Kris Blondin, owner of Vin Grotto, one of Hanan's tenants, has similar concerns. She used to stay open late, catering to theater crowds that made their way down to her cafe. Now -- citing public safety concerns related to the nightclub across the screet and the neighborhood's concentration of high-risk, low-income housing -- she rarely stays open past 9:00 p.m. "A wine bar should be open at least until 10:00 p.m.," says Blondin. "But not since the club opened. I used to have theater people come down after a show for wine or dessert, but not anymore. And I haven't had anyone call and ask, 'How come you weren't open?'"

At the north end of the block, Meconi's Pub owner David Meconi is trying to figure out how to draw more people in light of recent violence.

"Right now, my main focus is the shooting," says Meconi. "Since the shooting, my nightlife [business] has gone down a lot. People are afraid to come down at night."

This grim, collective view of downtown's north end is consistent with a report released earlier this year by the New Tacoma Neighborhood Council, which includes downtown stakeholders. The report, prepared March 30 after a community meeting with residents, merchants, property owners, and city leaders, outlines recommendations for improving the area around Ninth and Commerce -- and identifies many of the problems that plague the neighborhood.

"This neighborhood has great potential for development, but it currently struggles," the neighborhood council report reads. "Small businesses have a hard time and empty storefronts linger . . . . Some people who do visit are wary of the presence of panhandlers, drug activity, and other nuisance behaviors."

Ride Link Light Rail from the Dome District to the Theater District, and you get an idea of what merchants and the community council report detail: downtown changes dramatically in a distance of less than two miles.

As the train leaves Tacoma Dome station and makes a turn north onto Pacific Avenue, many of the city's revitalization landmarks come into view: Union Station, UW Tacoma, and the Washington State History Museum. Disembark at Union Station, cross a pedestrian bridge over Interstate 705, and you wind up at the shimmering Museum of Glass and the Foss Waterway and Esplanade.

But continue on Link Light Rail, past the Tacoma Art Museum and Pacific Plaza and up to Commerce Street, and the environment changes. The abandoned, paint-flaked Luzon Building collects dust (and pigeon droppings) at the corner of 13th and Commerce; two decades-old concrete parking garages -- Park Plaza North and Park Plaza South -- appear as though they might collapse under their own weight; and the Theater District light rail station drops passengers off in a part of town surrounded by two convenience stores, low-income housing, and a row of sagging buildings.

According to statistics from the Business Improvement Area (BIA), 20.8 percent of downtown incident reports compiled by BIA bike patrols from January through March of this year occurred in the area near Ninth and Commerce.
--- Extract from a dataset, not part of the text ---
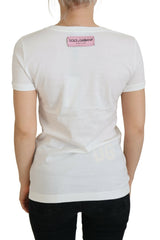 Eleganter mehrfarbiger Rosenabdruck Baumwoll -T -Shirt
"Each area has its own problems," says Marty Campbell, president of the Downtown Merchants Group, and Vice Chair of the New Tacoma Neighborhood Council. He disagrees with the idea that one part of downtown is better off than another, though readily acknowledges that, as a business owner in the south end, his assessment could be critiqued. "I think there's a perception that the University District is booming. But I don't think it's doing significantly better than any other part of downtown."

Councilmember Jake Fey agrees.

"I hear from merchants [in the south part of downtown] that it's not a slam-dunk," says Fey, who represents downtown.

Campbell and Fey are familiar with the concerns of merchants on the north end. Campbell points to efforts earlier this year to improve conditions near Ninth and Commerce. On March 7, he sent a letter to Mayor Bill Baarsma outlining his concerns and requesting the City make nuisance behaviors a high priority. On March 30, the New Tacoma Neighborhood Council hosted a community meeting of 50 residents, merchants, property owners, and city employees to discuss possible solutions. According to Campbell, downtown merchants and city leaders started working together to replace 32 burned out street lights, install fencing around Fireman's Park (to curb instances of homeless encampments), and develop a plan that puts heavier restrictions on pay phones in the area (a common means of communication for drug dealers).

"We created an action plan, working through the city," says Campbell. "They respected us, and dialogue was started."

Still, Campbell admits key aspects of north and south downtown make the areas inherently different.

Whereas the north end is more tightly compacted with garages, office buildings, the Winthrop Hotel, City Hall, and Pantages Theater all towering over the neighborhood, the south end -- particularly the UW Tacoma campus -- is more spread out. "If you're at 17th and Pacific, you can glance and see if there's an issue at 21st and Pacific," says Campbell. "You can be visually aware. At Ninth and Pacific, you have a very small area that you can keep an eye on. It's a much smaller, more condensed area. It can be harder to maintain."

Another difference: low-income residential housing. While the north end of downtown is home to three high-density, low-income housing projects -- the Winthrop, Olympus Hotel, and Colonial Apartments -- the south end of downtown has none.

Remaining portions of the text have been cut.